• **Material provided**:
● ● ● ●
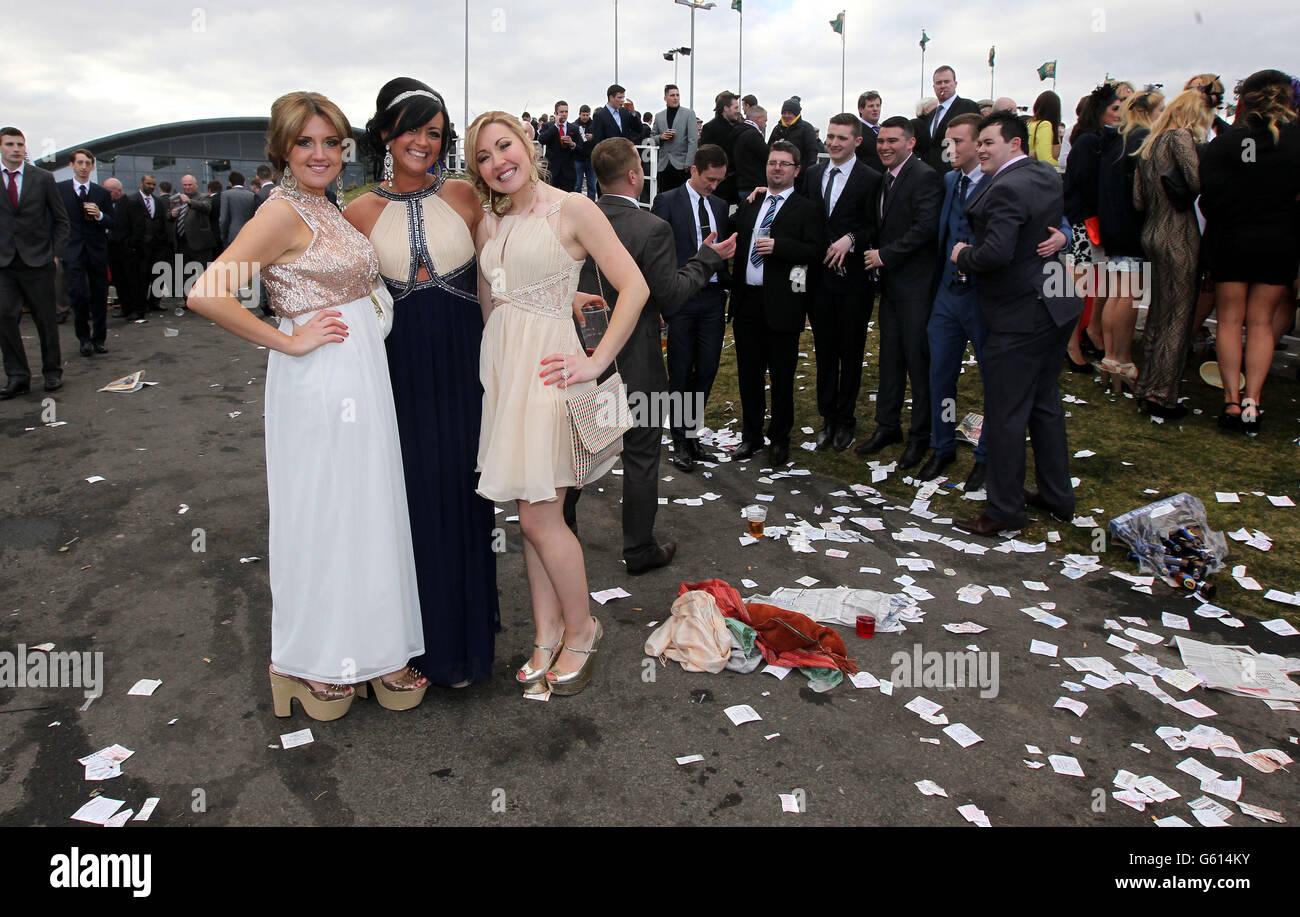Ladies pose for a picture during Ladies Day at the 2013 John Smith's Grand National Meeting at Aintree Racecourse, Sefton. Stock Photo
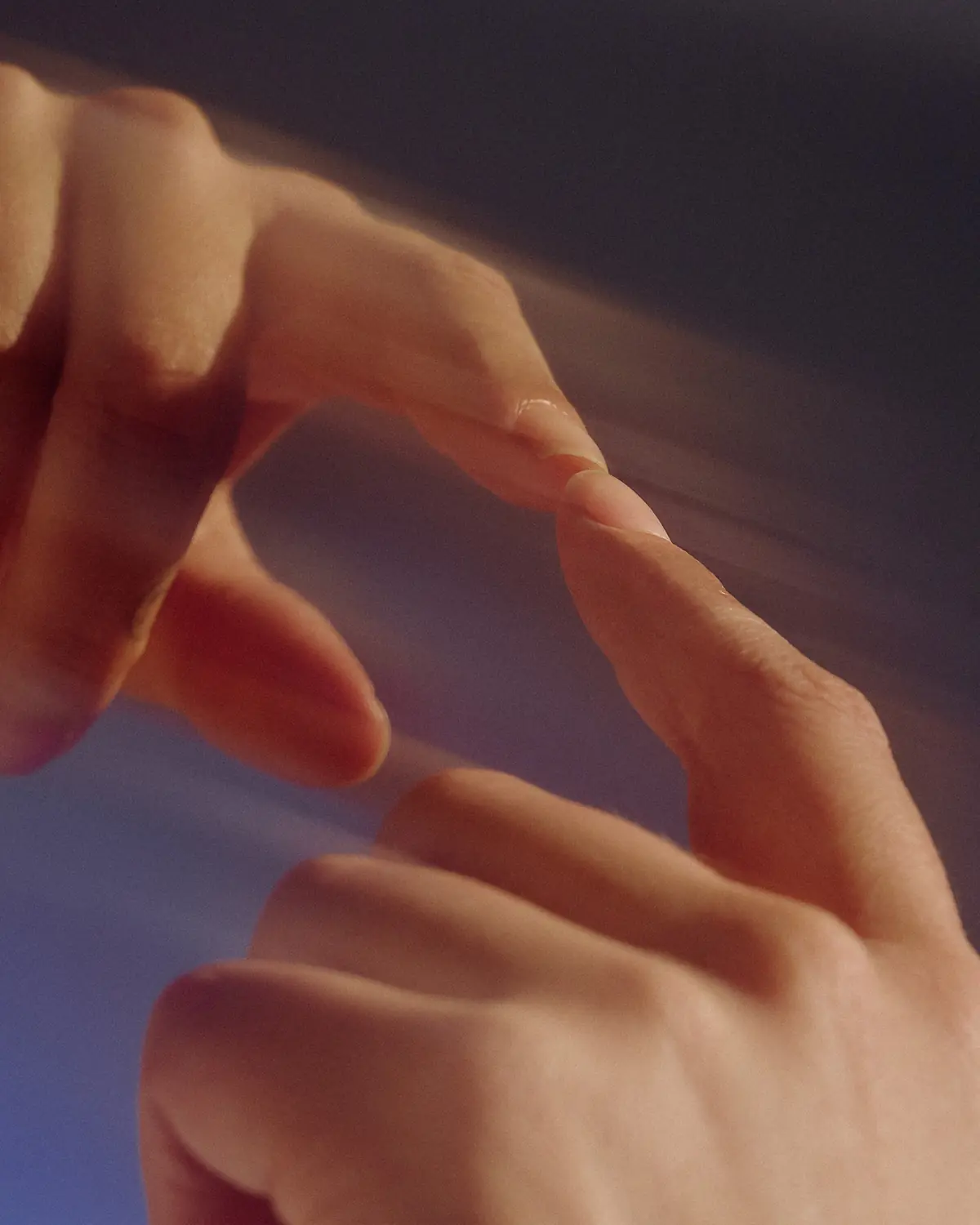 Close-up of two hands, fingertips almost touching, against a blurred violet background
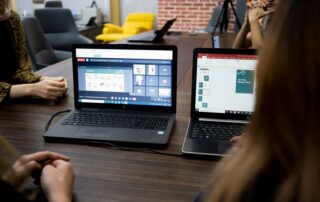 Team discusses projects during a virtual and in-person meeting in a Dubai office.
● ● ● ●
• **Work to complete**: The expected output is every line of the data, unchanged, with the pictures skipped.

• **Reply to the exercise**:
Ladies pose for a picture during Ladies Day at the 2013 John Smith's Grand National Meeting at Aintree Racecourse, Sefton. Stock Photo
 Close-up of two hands, fingertips almost touching, against a blurred violet background
 Team discusses projects during a virtual and in-person meeting in a Dubai office.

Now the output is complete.